You're right that the 2D representation doesn't work very well. The thing is, the 3D picture you have in your head also doesn't work very well; in order to make it work, you need four dimensions. Remember that general relativity is about "spacetime", not just space. Nothing is ever actually stationary; everything is always traveling at C. If it's stationary in space, it's traveling at C in the time direction. As it moves in space, it diverts some fraction of its motion in time into space.
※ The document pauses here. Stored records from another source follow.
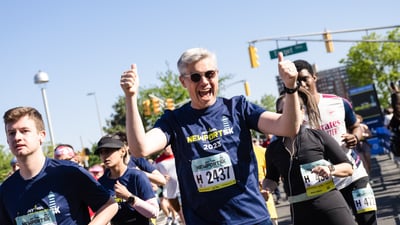 NYRR Newport 5K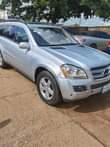 A picture of Mercedes benz gl450 2007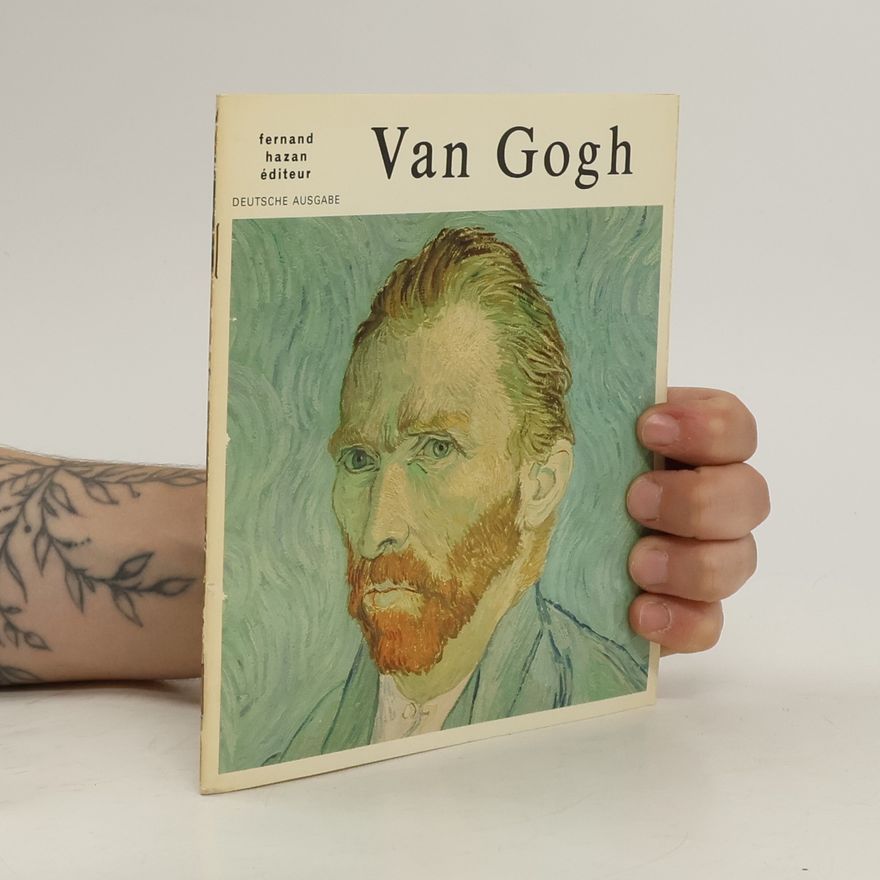 Fernand Hazan Van Gogh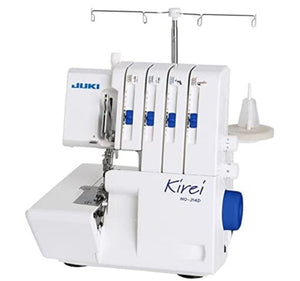 JUKI MO - 214D - Overlock inklusive Blindstichfuß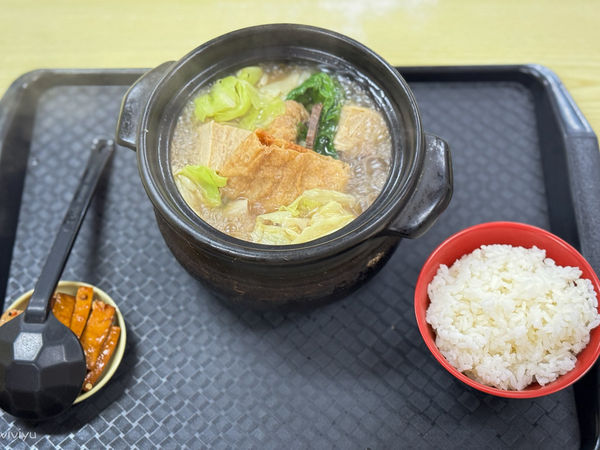 ▲▼金安徽麵館。（圖／部落客VIVIYU小世界授權提供）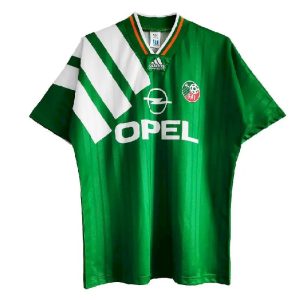 Retro Irlanda 1992 Camiseta 1ª Equipación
Now, given that picture, we can reduce it back to two dimensions to make it possible to visualize. Imagine an infinite plane with two dots moving on parallel tracks at identical speeds. Overlay a grid over the plane to make the warping easier to see. Now, rather than distorting the plane in a third dimension like the typical rubber-sheet analogy, just "pinch" the grid lines inward towards each of the objects.
If there's only one object, the effect is totally symmetrical and doesn't affect its trajectory at all. If there are two objects, though, each one starts to run into slightly skewed grid lines caused by the other one. In an attempt to follow a straight-line path, they end up curving towards each other, and the effect gets stronger the closer they are to each other (because the grid lines get more and more bent). Eventually, they collide and electromagnetic forces overwhelm the gravitational forces that are trying to make them occupy the same space.
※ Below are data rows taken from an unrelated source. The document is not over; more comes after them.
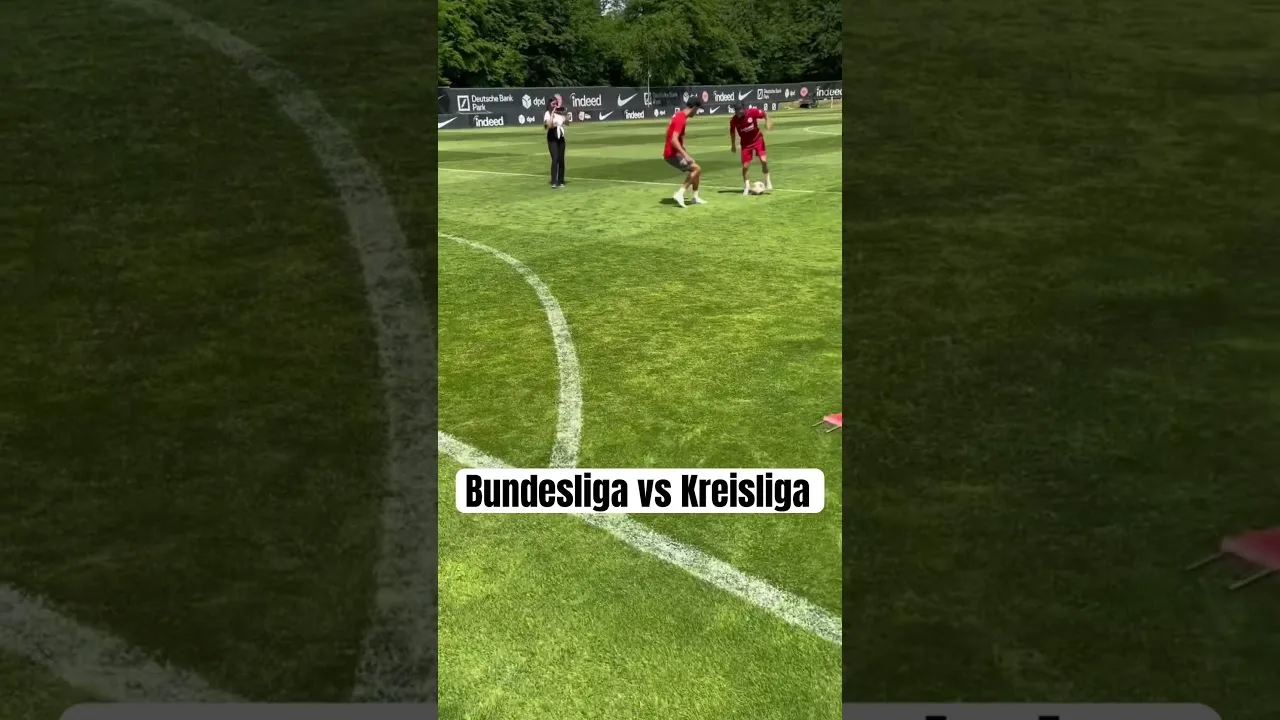 Wer erkennt ihn ? 🖤🤍❤️ #football #footballskils #bundesliga #skills #foryou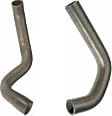 SET-GAT22436 Upper and Lower Radiator Hose, Gates OE Replacement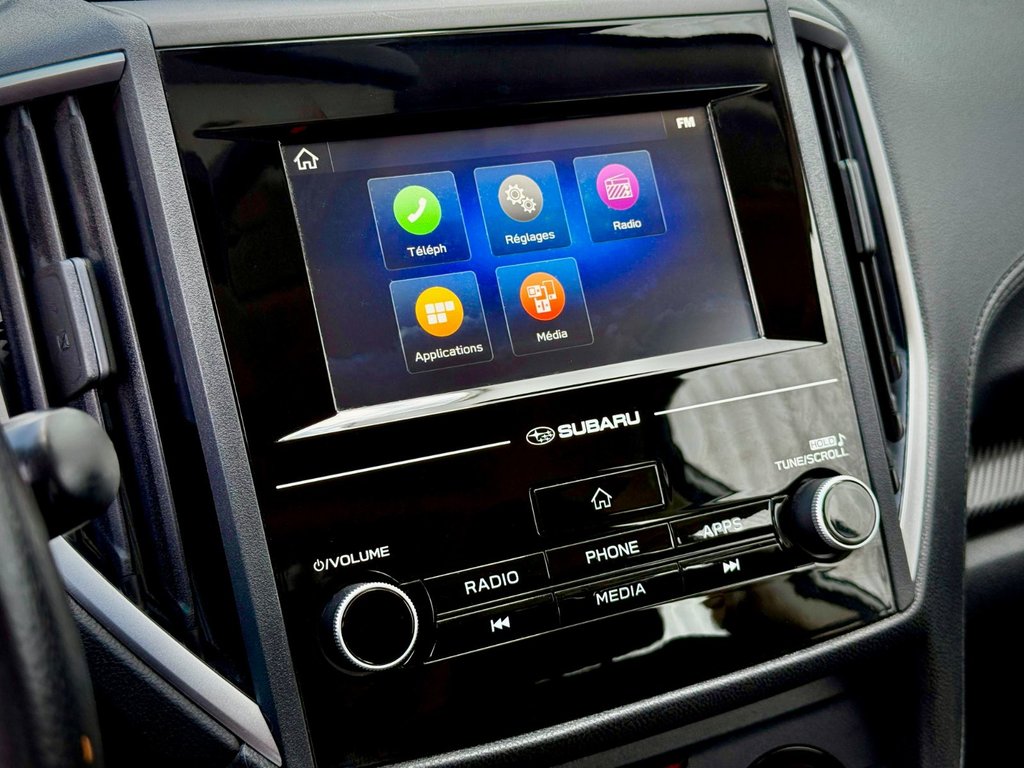 2019 Subaru Impreza Touring in Notre-Dame-des-Prairies, Quebec - 27 - w1024h768px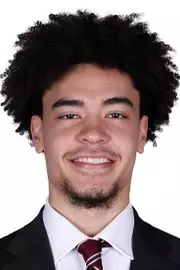 Chance Gladden headshot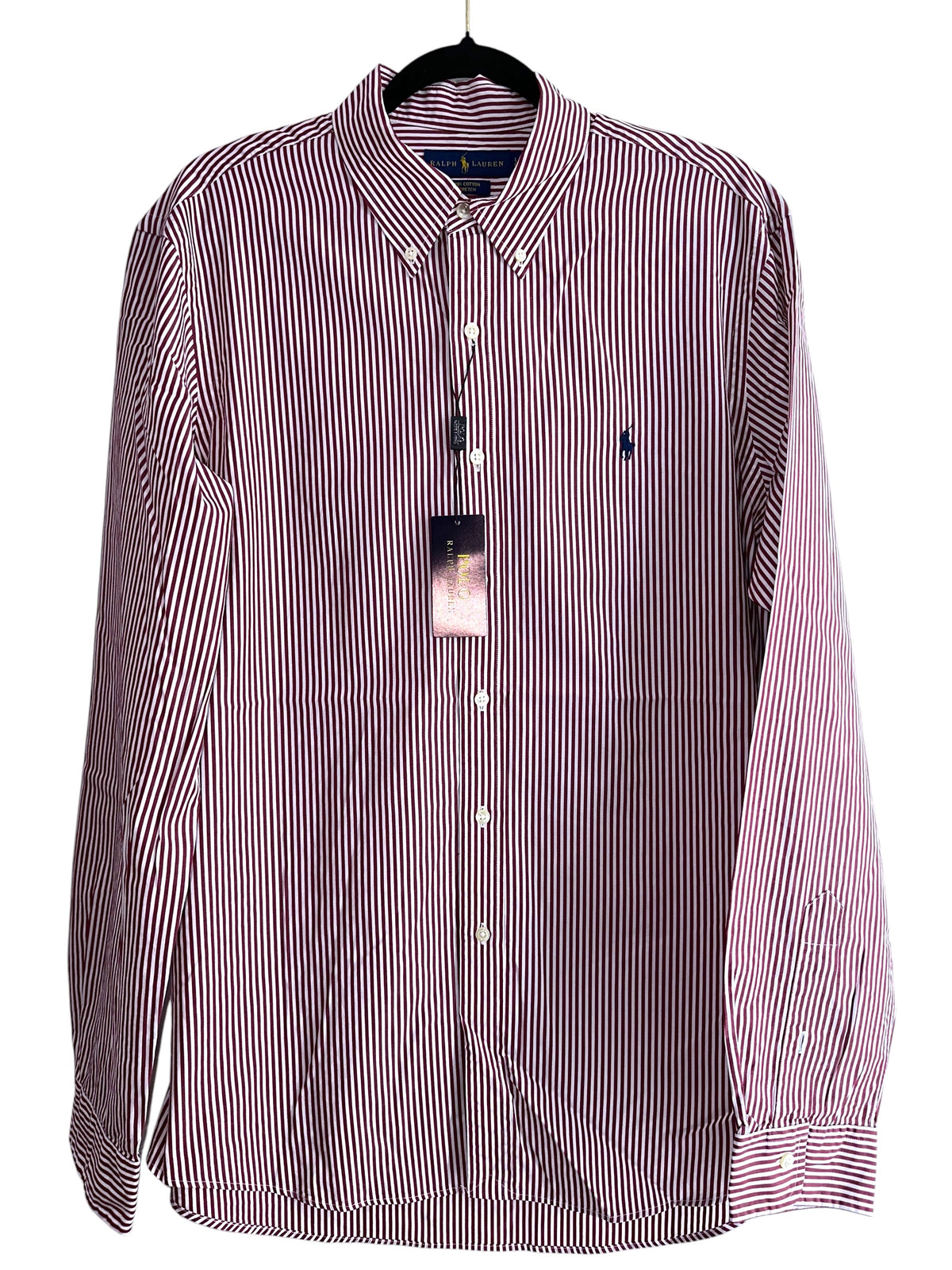 CAMISA POLO RALPH LAUREN TALLA “L” CLASSIC FIT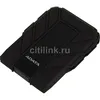 Внешний диск HDD A-Data DashDrive Durable HD710Pro, 2ТБ, черный [ahd710p-2tu31-cbk]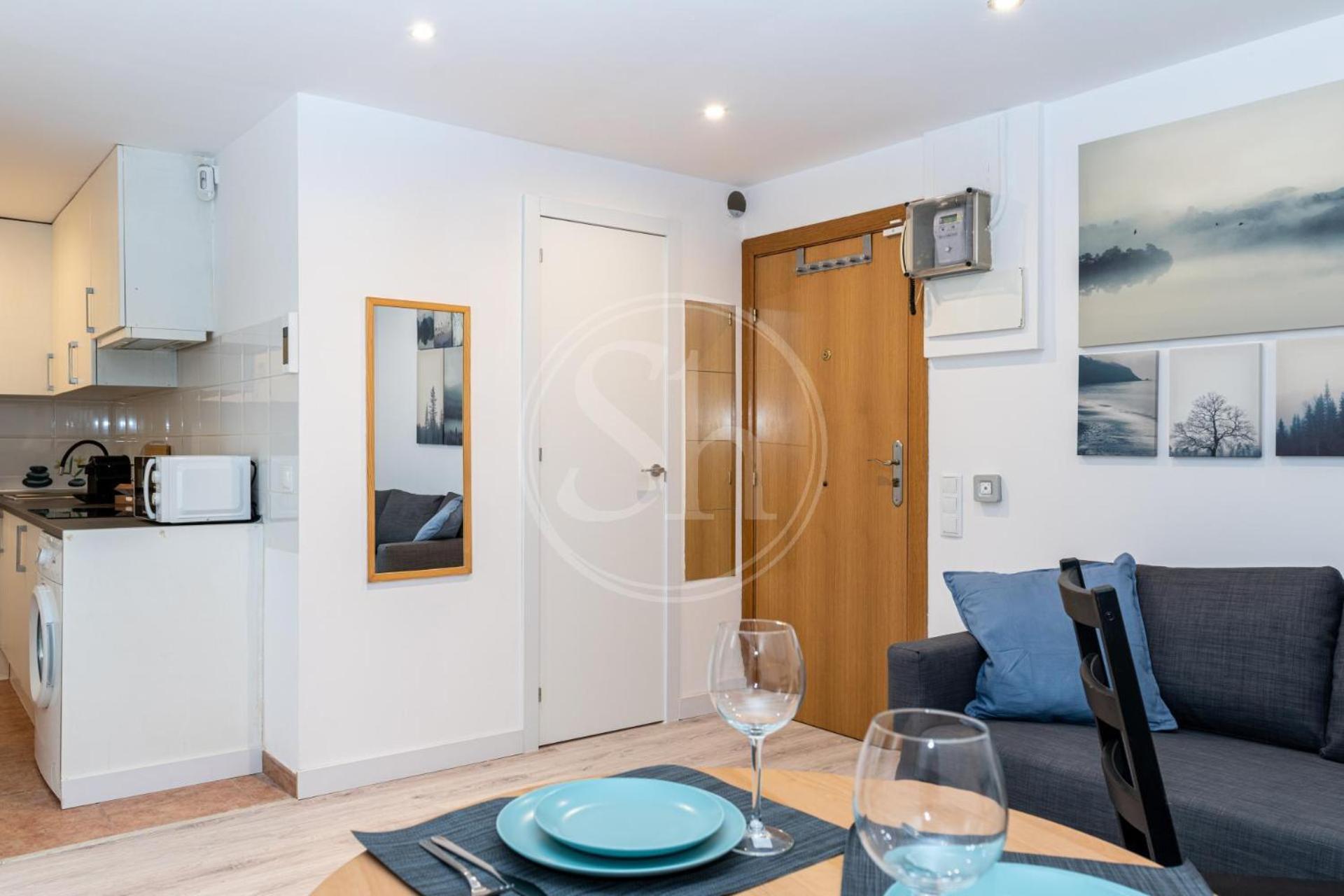 Estudio En Eixample Apartamento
To say that again, it's hard to imagine with stationary objects, but there's no such thing as a stationary object in spacetime. With moving objects, you can imagine how they'd warp towards each other; if all their initial motion is in the time dimension, that warpage basically rotates part of their motion into the spatial dimensions. That's also why gravitational fields cause time dilation, because they rotate the "stationary" direction away from the time axis.